Marius Benson was just taking the piss which was the easy option. I never got a chance to hear what Bob was purporting to do not that it would have amounted to much.
BK
Did baby Greg think that 50,000 people attending rallies mean anything?
shellbell
Katter is making even less sense than usual
victoria:
Here’s something that might cheer you up. Some honesty in the AS debate.
http://www.abc.net.au/unleashed/2746970.html
OzPol
agree about plane people.
But surely those who sit year after year in detention camps also exemplify Aussie values – that of a fair go?
As someone who’s father came in the very first boatload of European refugees post War (and the General Heitzleman was NOT a leaky boat) I know we weren’t offering open slather then.
We selected the migrants who came here, picking and chosing amongst those in the internment camps.
The UNHCR guidelines we signed up to arose out of the WWII situation, where boatloads of Jewish refugees were forced to return to Germany (and certain death) because no other country would take them.
Post war, this didn’t mean that displaced Jews automatically got refuge; my father was chosen, the Jews in the same camp weren’t.
[The Opposition’s deep attachment to processing asylum seekers in Nauru, a policy known to have damaged the mental health of so many refugees, is given very little scrutiny these days.
On my numerous visits to Nauru between 2005 and 2008 I was told by more than one Nauru government MP that the Australian Labor Party, then in opposition, would not be allowed to visit Nauru. When I reminded one minister that Julia Gillard had in fact toured the camps with Philip Ruddock in 2002, he shook his head. No – surely they hadn’t let the enemy of the then Australian government infiltrate the country. This is how things work in Nauru, it is all very arbitrary and the checks and balances that Australians expect when it is their money being spent cannot be guaranteed.]
Very telling.
[BK
Did baby Greg think that 50,000 people attending rallies mean anything?]
vic
Only that he supports people’s right to demonstrate peaceably.
Excellent posts @ 2357 (Zoomster) and 2382 (OPT) on AS and migration.
The domestic political situation was debauched in 2001 when Howard took up the Hanson idiocy. It worked a treat for him in dividing Labor and its supporters, which is all essentially that Howard cared about.
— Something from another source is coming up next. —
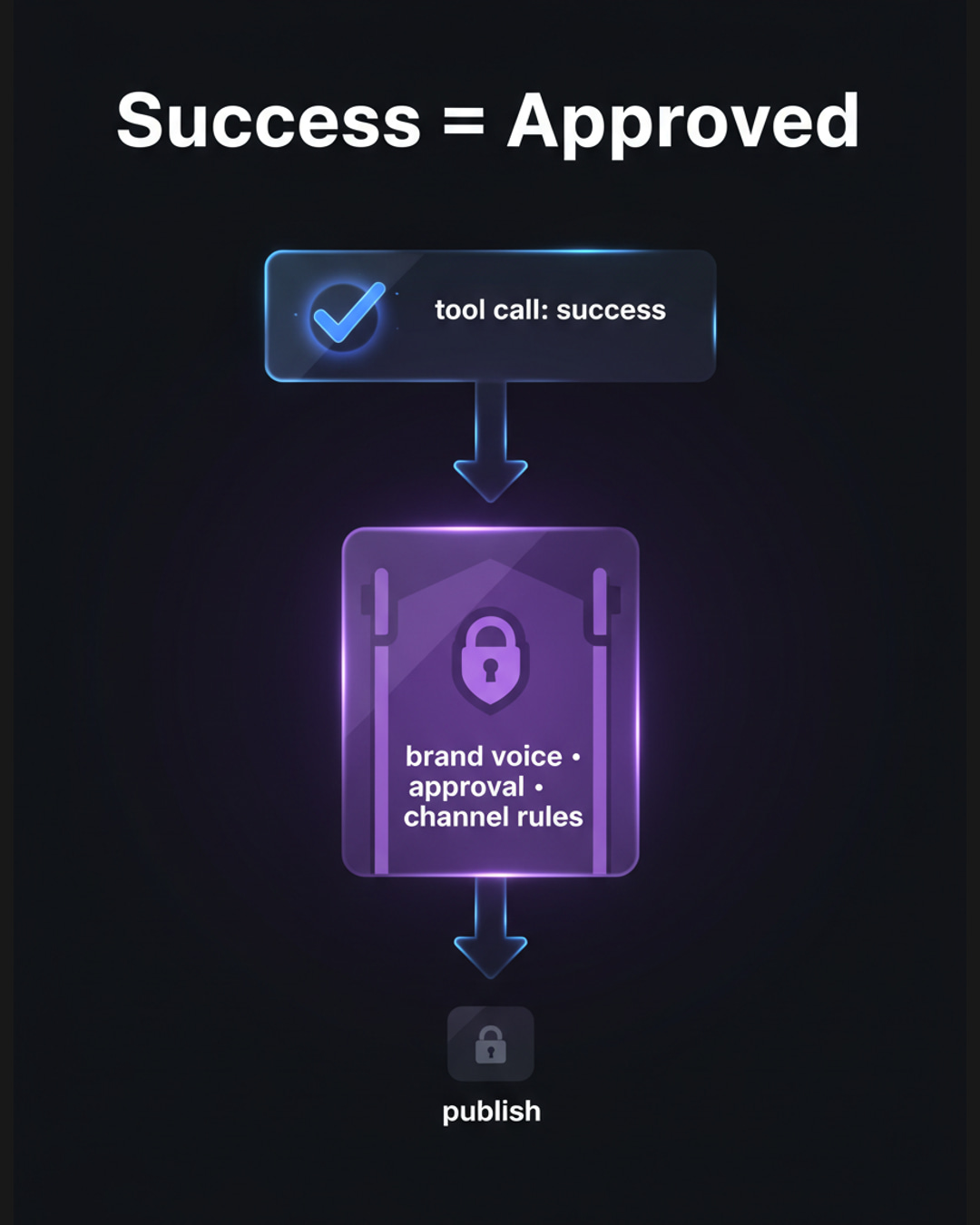Tool call: success. Brand governance: still missing.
The wounds were very slowly healing until Abbott and Morrison decided to revive the issue.
Reason is fairly helpless against such demagoguery. Compassion does require a fair degree of goodwill on all sides – something clearly missing at present and unlikely to change while AS boat people are a political football.
Offshore processing is the least unsatisfactory way of breaking this deadlock.